Setelah 10 jam
lebih duduk di pesawat (sudah plus isi bahan bakar di Aceh), akhirnya tibalah saya dan rombongan di Bandara King Abdul
Aziz, Jeddah. Saat itu adzan maghrib baru berkumandang. Begitu turun dari
pesawat dan merasakan aura tanah haram, masih ragu antara percaya dan
tidak...saya sudah sampai di Arab Saudi. Masya Allah...
Dari bandara, kami
harus menempuh perjalanan lagi sekitar 5 jam dengan bus menuju Madinah. Di atas
bus itulah kami berkenalan dengan muthowif kami, Mas Wildan, asal Lombok yang
sudah tinggal di Arab sejak lulus SMA, sudah 10 tahun lebih pokoknya. Beliaulah
nanti yang akan memandu perjalanan umroh ini, bersama TL kami, Mas Tri.
Setelah menikmati
makan malam berupa nasi dan ayam bakar, kami singgah di masjid untuk sholat
Maghrib dan Isya’. Perjalanan dilanjut hingga akhirnya tengah malam kami tiba
di hotel tempat kami menginap. Namanya Hotel Concorde Dar Al Khair, letaknya
hanya selemparan batu dengan pintu 15 Masjid Nabawi. Oh ya, saya menempati kamar
berempat dengan 2 ibu-ibu dari Kendal, plus satu dari Jogja.
Esoknya kami
bergantian mandi untuk segera melaksanakan sholat Subuh pertama di Masjid
Nabawi. Puji syukur tak henti-henti saya ucapkan atas kemurahan-Nya membawa saya
ke salah satu tempat yang diupayakan untuk dikunjungi muslim paling tidak
sekali seumur hidupnya. Masya Allah, betapa nikmatnya sholat Subuh kali ini.
Sesuai jadwal, kami
berada di Madinah selama 2 hari, yaitu Jumat dan Sabtu. Acara kami lebih ke ziarah,
menelusuri jejak Nabi dan para shahabiyah, belum ke acara inti umroh. Detailnya
nanti saya tulis tersendiri soal kami jalan-jalan ke mana saja.
Saya cuma ingin
menceritakan sedikit tentang tempat penginapan kami. Benar apa yang sudah
dipaparkan pihak travel tempo hari, bahwa pelayanan hotel di sini nggak ada
ramah-ramahnya. Jauuuh banget dengan di Indonesia. Menurut Mas Wildan etos
kerja orang Arab emang beda banget dengan bangsa lain. Negara mereka kaya
dengan tambang minyaknya, hingga banyak yang ogah-ogahan kerjanya, karena
hidupnya sudah dijamin negara.
Mereka dibayar lebih
kalo mau kerja jadi pegawai, tentara,
atau polisi. Sudah bukan rahasia, gaji orang asing nggak boleh lebih dari gaji
orang lokal. Padahal kemampuan mereka biasa-biasa saja. Kata Mas Wildan, liat
aja petugas di bandara, mau ngetik aja masih nyari-nyari huruf di keyboard,
hahaha...
Trus soal makan, kami
makan seperti di tanah air, 3 kali sehari dengan menu ala Melayu. Karena memang
tempat makan kami khusus untuk orang Indonesia dan Malaysia. Sementara untuk
bule tempat makannya beda lantai. Tiap kali makan yang pasti ada itu sambal,
irisan mentimun, dan buah. Sementara minuman air putih, jus jeruk instan, kopi,
teh, dan krimer. Tinggal pilih sesuai selera.

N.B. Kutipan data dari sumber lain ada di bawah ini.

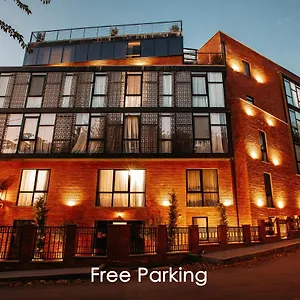 Hotel Address Boutique, Tbilissi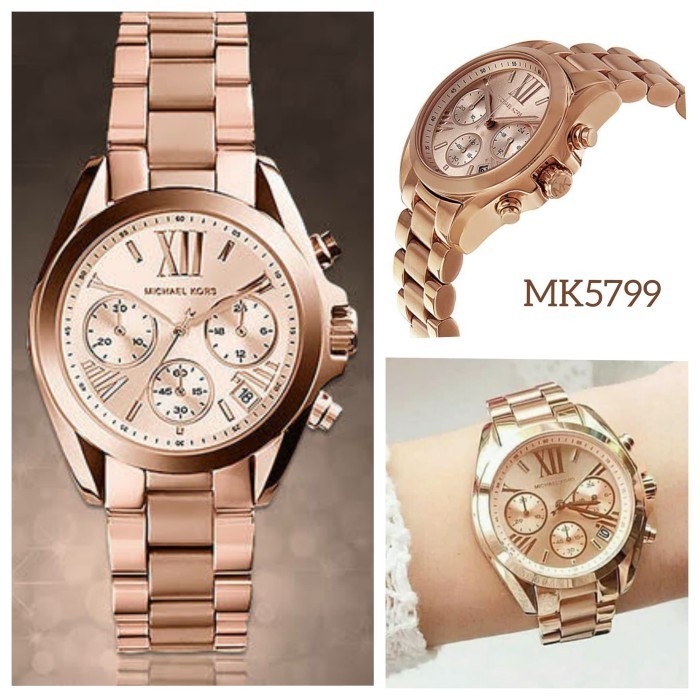 ✅Sale Jam Tangan Michael Kors Mk5799 Berkualitas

abaikan foto yg bawah, hihihi... |
Oh ya, teman sekamar saya,
Ibu dari Kendal satu-satunya anggota rombongan yang pake kursi roda karena
beliau stroke. Tubuh bagian kanan nggak bisa digerakkan, sehingga kalo makan
harus pake tangan kiri. Ibu dari Kendal satunya adalah besannya. Dialah yang
selalu membantu kebutuhan beliau seperti ganti baju, makein kaos kaki, nyuci
baju, sampai mengambilkan makanan.
Dan sudah diingatkan
dari awal oleh pihak biro travel, bahwa kita satu tim, harus kompak. Harus
saling bantu dan mengingatkan sesuai jadwal yang sudah ditetapkan.
Alhamdulillah, kita saling gantian dorong kursi roda si Ibu kalo lagi jalan.
Nggak harus putranya, Mas Bambang, atau besannya. Ada cerita seru yang nggak
bakal saya lupakan saat harus dorong kursi roda Ibu di Raudhah. Tunggu cerita
lengkapnya ya...
Yang pasti saya takjub
dengan keindahan Masjid Nabawi, apalagi di hari terakhir bisa menyaksikan
payung itu terbuka usai sholat Subuh dan tertutup usai sholat Maghrib. Masya
Allah, itu bikin kangen pengin ke sana lagi dan lagi.